Treasures of the Black Death

Catchy title, innit? I can’t claim credit, though. It’s the name of an exhibit of medieval jewelry at the Wallace Collection in London.

The 14th century jewels come from two hoards — one uncovered in Colmar, France, in 1863, the other in Erfurt, Germany, in 1998 — most likely buried by Jews in fear of their lives during the Black Death when gentiles blamed them for causing the plague.

The entire Jewish population of Colmar was massacred in January 1349, and 1000 Erfurt Jews were slaughtered in one day in March 1349, so probably whoever buried their most precious treasures never had a chance to retrieve them because they were killed during these pogroms, died of plague or were expelled never to return.
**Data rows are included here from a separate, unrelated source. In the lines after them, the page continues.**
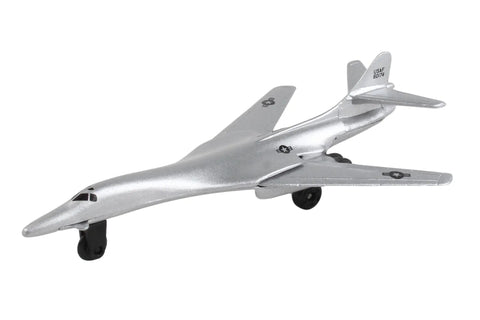 Runway24 B1 Die Cast Vehicle With Connected Runway Pieces Silver aircraft model with realistic detailing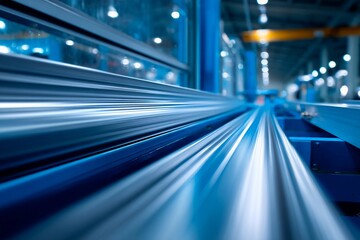 Manufacturing activities take place in a factory where metal components are being processed along a sleek line. Bright lighting illuminates the advanced machinery, enhancing productivity
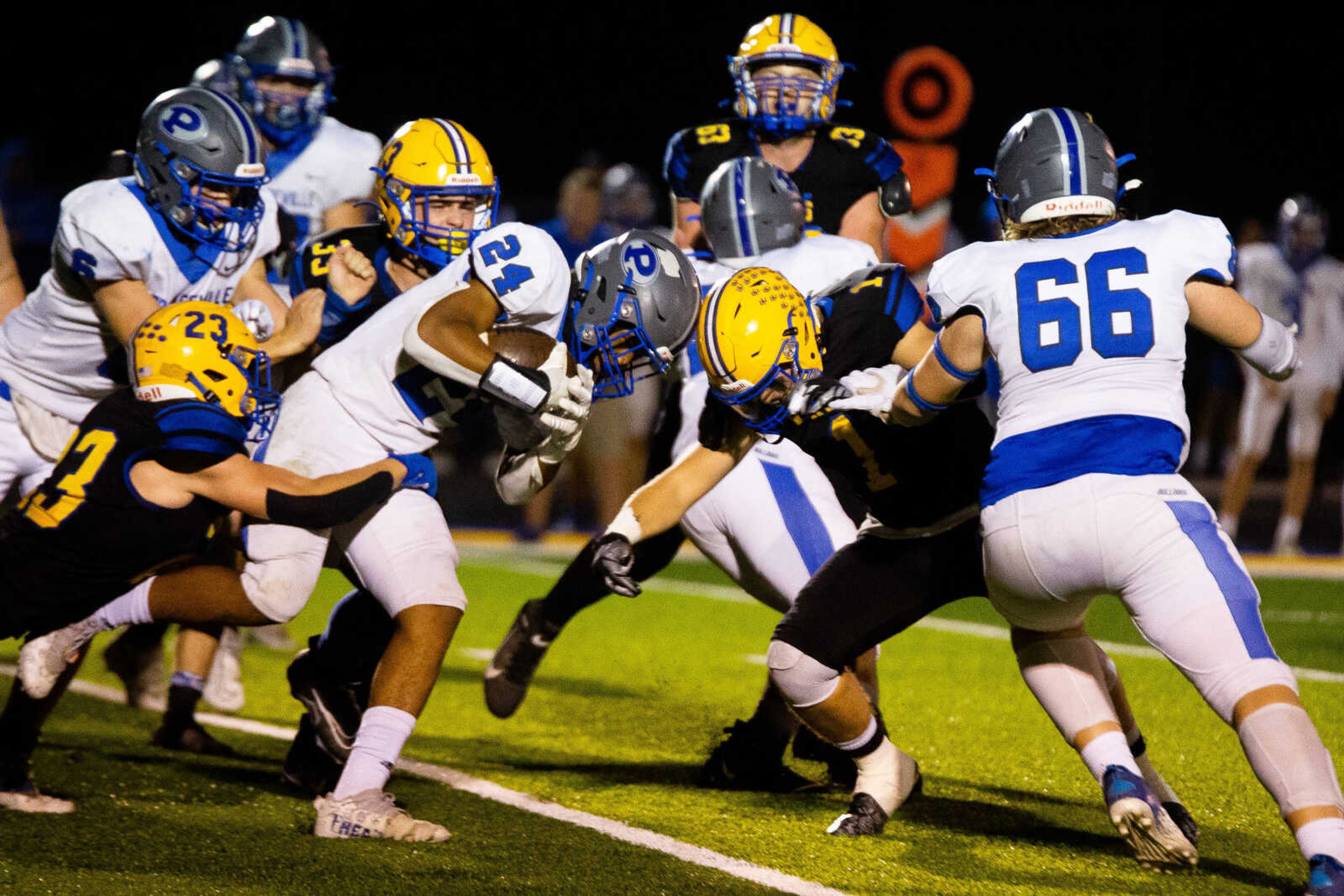 Portageville's Jamarion Smith carries the ball against Scott City in a Class 1 District 1 semifinal matchup at Scott City High School.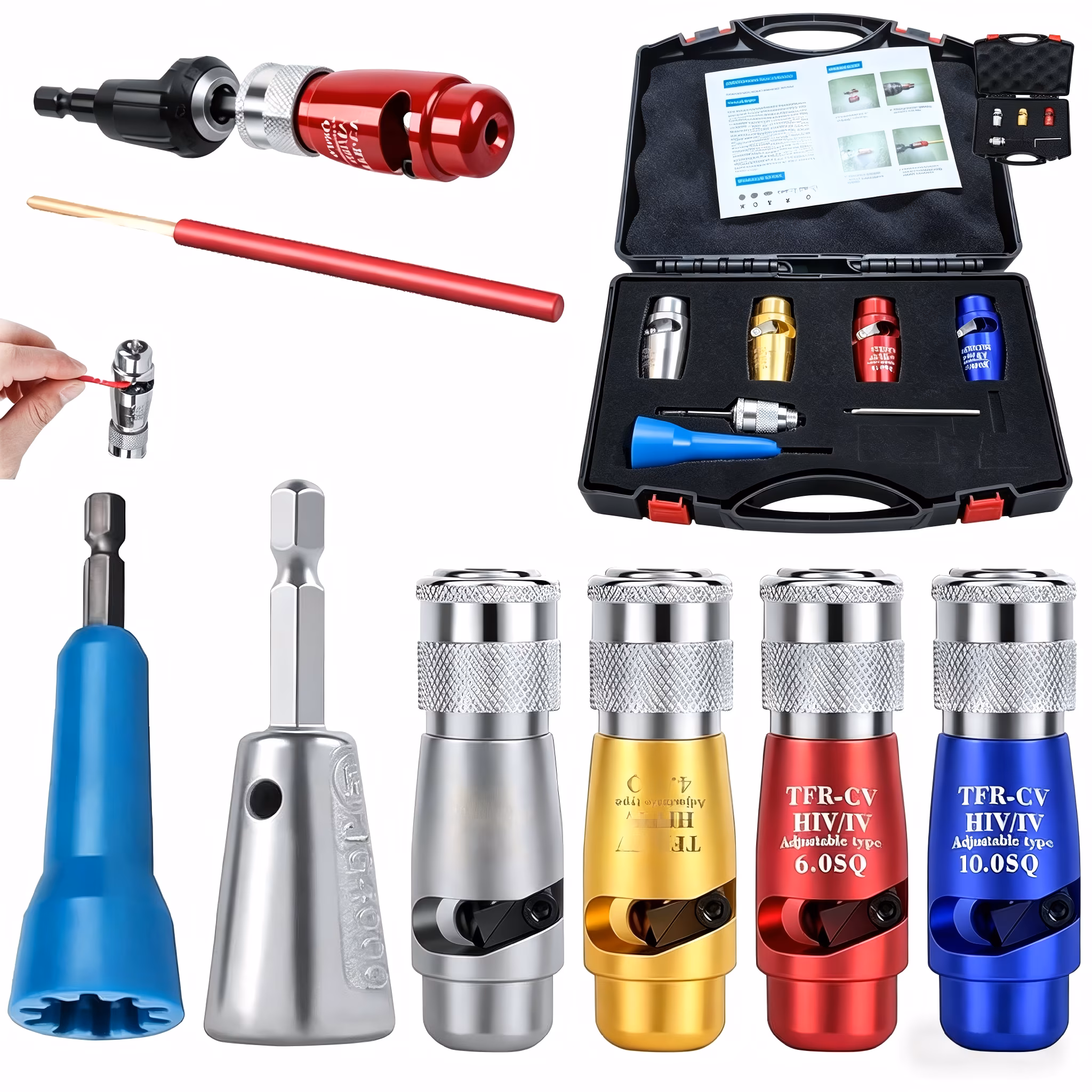 Uiophom Drill Wire Stripper & Twister, 4-in-1 Electric Cable Stripping Tool with Adjustable Heads, Portable Wire Nut Twister Kit for Electrical Work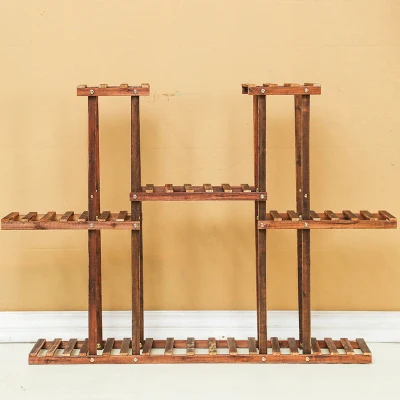 

Carbonized Wood Damp-proof Antiseptic Flower Rack Multi-layer Plant Stand Shelves Garden Patio Balcony With Planting Tools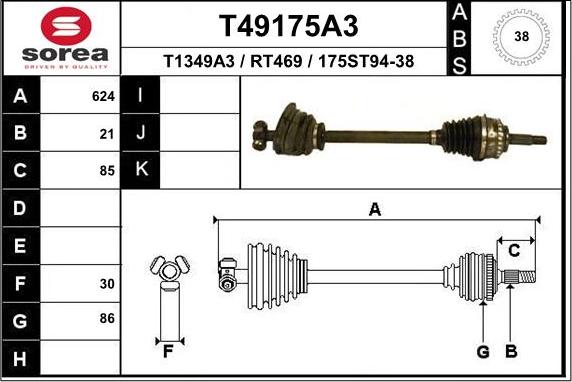 EAI T49175A3 - Arbre de transmission cwaw.fr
Most of the surviving gold and silver treasures from this time are ecclesiastical, since secular gold and silverwork tended to be remade later into more fashionable jewellery or melted down for coinage. But here we can see what fashionable men and women about town were wearing 650 years ago: lumpily gaudy brooches with tiny heraldic lions roaring among boulders of sapphire and garnet; belt fittings with robed figures and serpentine beasts in gothic niches; silver-gilt clasps in the form of fleurs-de-lis, dragons and flowers.

There is also a handy cosmetic set that would have hung from a belt, comprising a little silver flask that may have contained scent, a tiny scoop for ear-cleaning, and attachments for other beauty tools. Some of the symbols could do sentimental service on charm bracelets today: clasping hands, a padlock, a bow poised to shoot love’s arrow.

Many of the objects relate to marriage. The star exhibit, from Erfurt, is a gold Jewish wedding ring (pictured [left]), shaped like a hexagonal building – symbolising both the marital home and the Temple of Jerusalem – with gothic arches, gables and a pyramidal roof on which is inscribed mazel tov (good wishes). The same slogan adorns two similar rings, from Colmar and from a hoard found in Weissenfels, Germany. These large and precious pieces were worn only on the day of the wedding ceremony.

The exhibition runs until May 10th and admission is free.

Once the Erfurt hoard returns to Germany it will go permanently on display in what was once the Erfurt synagogue.

Built around 1100 A.D., the Old Synagogue is thought to be the oldest standing synagogue in Europe. Many parts of the building are original, including, notable for its rarity, the roof.

It was used as a warehouse after the 1349 massacre until it became a dance hall in the late 19th c. Nazis partied the night away there, unaware of its history.